Con todo eso de la inclusión, la liberación, las “evoluciones”, “elevaciones” y “despertares de la conciencia”; los altruismos, feminismos, animalismos —entre tantos otros “ismos”— y los ensordecedores discursos de los revolucionarios chairos de clóset y de los defensores del tofu, el pan nuestro de cada día es escuchar a medio mundo hablar sobre cómo todos tienen derecho a todo, pero —y a propósito de la exclusión— nunca escuchamos a nadie hablar sobre los derechos de las arañas. A nadie. Desde hace mucho tiempo, a las pobrecitas se les negaron las bondades humanas del “¡Ay, qué lindo!”, y ahora nadie las toma en cuenta, a nadie le importa si comen, si tienen frío, si la lluvia se llevó su telaraña, ni mucho menos si sufren depresión.
Y es que las arañas no la tienen fácil. Pueden —o, mejor dicho, deben— pasar días, o incluso semanas, en el techo de tu cuarto sin haber comido nada más que un pobrecito gorgojo distraído o una mosquita frutera cansada de la vida. Nadie se inmuta de cuán triste es su vida: siempre solas, ágiles y astutas cazadoras furtivas; su inteligencia, al parecer, es solamente proporcional a su timidez y les cuesta muchísimo trabajo hacer amigos; para estas pobres criaturitas no hay opción, su naturaleza las lleva, irremediablemente, a ser ermitañas, aunque no lo quisieran. Pobres arañas. Su caso me recuerda, quizás, a las personas olvidadas por el mundo; esos tristes seres sin familia, sin amigos, sin un alma caritativa que rece por ellos; esas mismas tristes personas que sólo despiertan la atención de los vecinos cuando el olor de sus tristes y pútridos cadáveres se cuela por debajo de las puertas.
Qué curioso es ver al ser humano elegir sólo unos cuantos animales para ser “benévolo” con ellos. Es posible encontrar, por ejemplo, a un montón de viejecitas que compran una telera adicional que designan exclusivamente para alimentar a las palomas del parque, o a miles de “salvaperros” en las calles rescatando callejeritos y subiendo fotos a Facebook para encontrarles hogar —dejando muy claro, dicho sea de paso, que ellos sí viven en armonía con el universo y con todos los seres vivos—, y están también los que hacen marchas para defender la vida de los conejos de laboratorio—pero no la de las ratas porque no son lindas.

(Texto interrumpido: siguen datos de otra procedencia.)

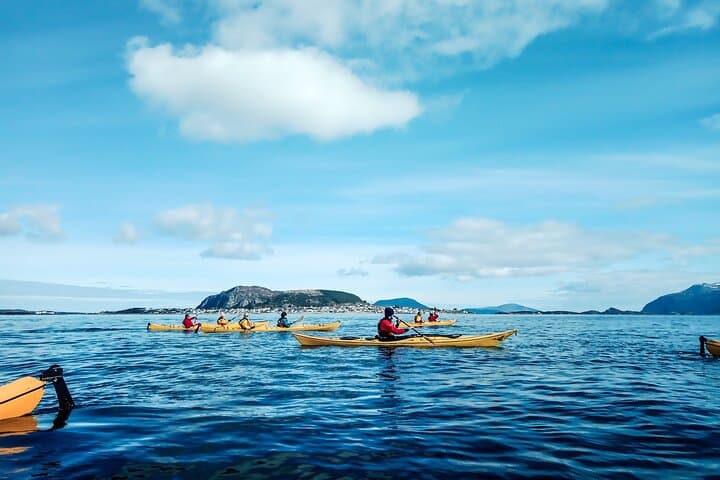 Sea Kayaking in Ålesund: Paddle the Art Nouveau Coastline at Sunset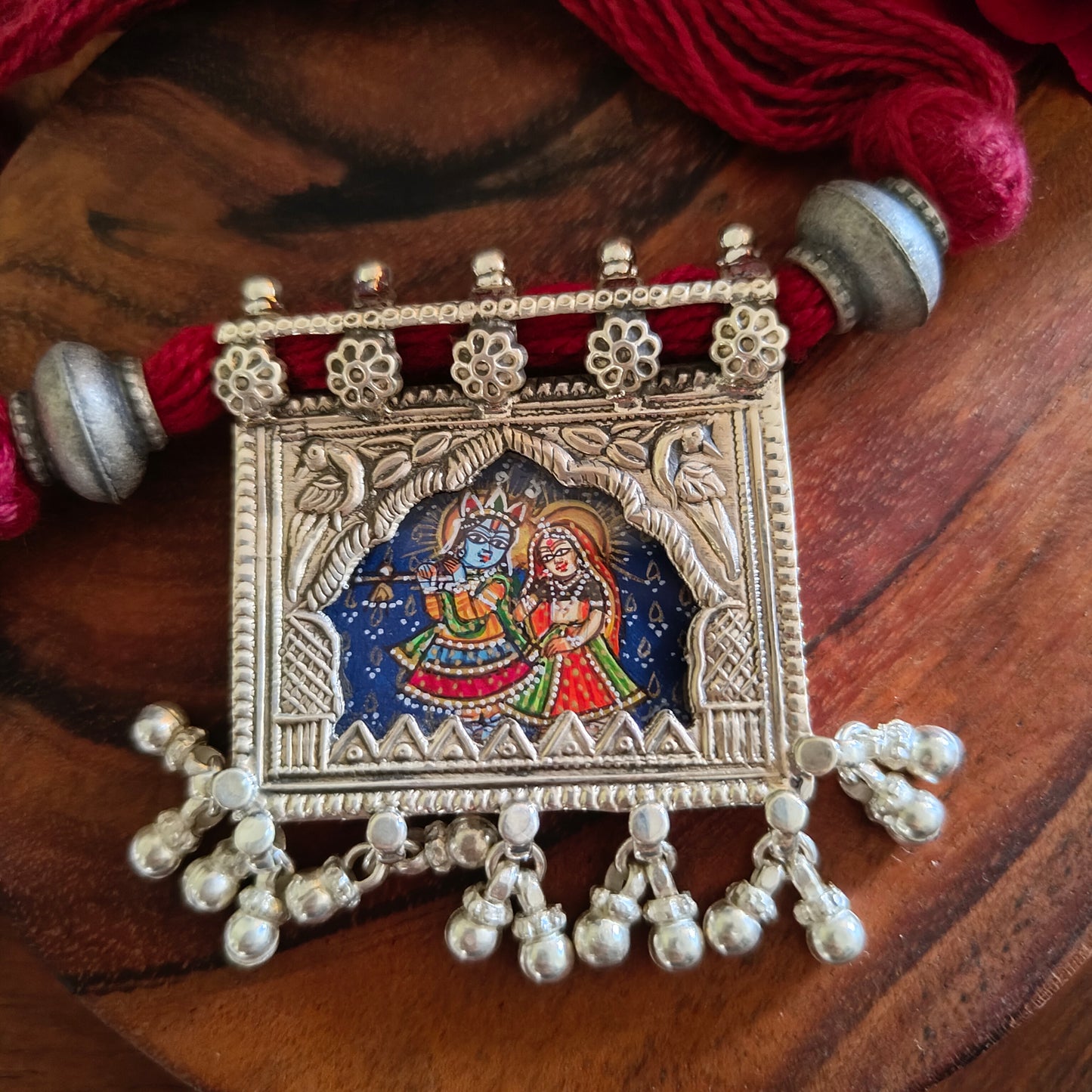 Radha Krishna Hand Painted Jharoka Pendant with Silver Ball Danglers and Maroon Thread Necklace Blue Bg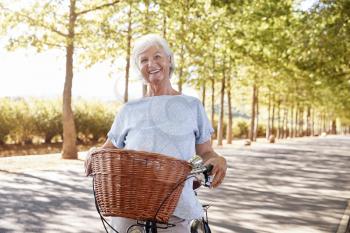 Portrait Of Smiling Senior Woman Cycling On Country Road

En fin, hay muchos protectores de animales, pero ¿cuándo has visto a alguno de ellos compadeciéndose de un arácnido esquinero que sólo busca un hogar?, ¿acaso hay alguien en el mundo que al ver a una araña flaca y débil diga:“¡Ay, pobrecita!, iré a traerle un bicho para que coma”? No, ¿verdad? Nada hay de eso y, desgraciadamente, nadie inspeccionará el cempasúchil que irá a la basura en los próximos días para ver si en él se esconde algún pequeño artrópodo que pueda calmar el hambre de aquella solitaria y desafortunada compañera de casi todos los cuartos.
Nadie valora el trabajo que una araña puede hacer para crear una sana convivencia. Tú no lo sabes, pero tal vez esa araña en el techo de tu cuarto esté dispuesta a hacer equipo contigo en el fin del mundo para salvarte de los mosquitos; hasta podría dejar su amado rincón en el techo y mudarse debajo de algún mueble sólo para no causarte ansiedad por las noches. Esa pequeña araña incluso podría ser tu roomie ideal. Pero no te importa, ¿cierto? Seguramente tú también eres de esos que no se pone en sus zapatos —en ninguno de sus ocho.

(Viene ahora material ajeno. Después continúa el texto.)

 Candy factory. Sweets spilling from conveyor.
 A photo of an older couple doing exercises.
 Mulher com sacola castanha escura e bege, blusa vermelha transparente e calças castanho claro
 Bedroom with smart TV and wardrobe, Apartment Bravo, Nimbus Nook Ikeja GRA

Muy probablemente, las arañas estarían dispuestas a dar la vida por uno y a defender el territorio mutuo contra las hordas de fastidiosas moscas y mosquitos veraniegos, pero quizá nunca lo sabremos de cierto, pues nos dan miedo los aliados. Es particularmente interesante escuchar a todo el mundo hablar de lo importante que es tenerconciencia yser incluyente, de lo fundamental que es abrir el corazón —y más que el corazón, la boca— ante el sufrimiento de los mamíferos; del derecho que tienen los embriones a permanecer en el útero —aunque ya no nos demos abasto—; de defender la libertad del vecino de creerse una roca sedimentaria y de muchísimas más curiosidades, pero ¡oh!, que no se hable nunca, en ningún lado, de la triste vida de las arañas, de aquellas olvidadas, ellas que sólo existen cuando sorpresivamente aparecen en algún rincón para encontrarse con su fin, para morir asfixiadas por el insecticida o violentadas en su derecho a no ser aplastadas.

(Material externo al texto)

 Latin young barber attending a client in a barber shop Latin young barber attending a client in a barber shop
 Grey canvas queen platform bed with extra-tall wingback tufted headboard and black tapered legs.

Supongo que el problema de fondo es nuestro temor a la responsabilidad y a la diferencia. Tanto temor nos causan estos dos conceptos que hacemos todo lo posible por alcanzar una perfecta homogeneización y por seguir siempre la misma línea. No nos atrevemos a decir que es verdad que hay diferencias y que eso precisamente, el acto mismo de diferir, es lo que hace posible y maravillosa nuestra existencia. ¡Ah, pero mejor hay que guardar el secreto, no vaya a ser que nos linchen! Hoy todos somos iguales y a nadie le gustan las personas que señalan la falla. Mejor quedémonos con las arañas, con las tristes arañas que no tienen importancia en nuestro mundo —más que para lo negativo. Tal vez, algún día, todos terminemos como ellas, sentenciados a vivir con la etiqueta de “culpable por no existir conforme a la actual escala de valores”.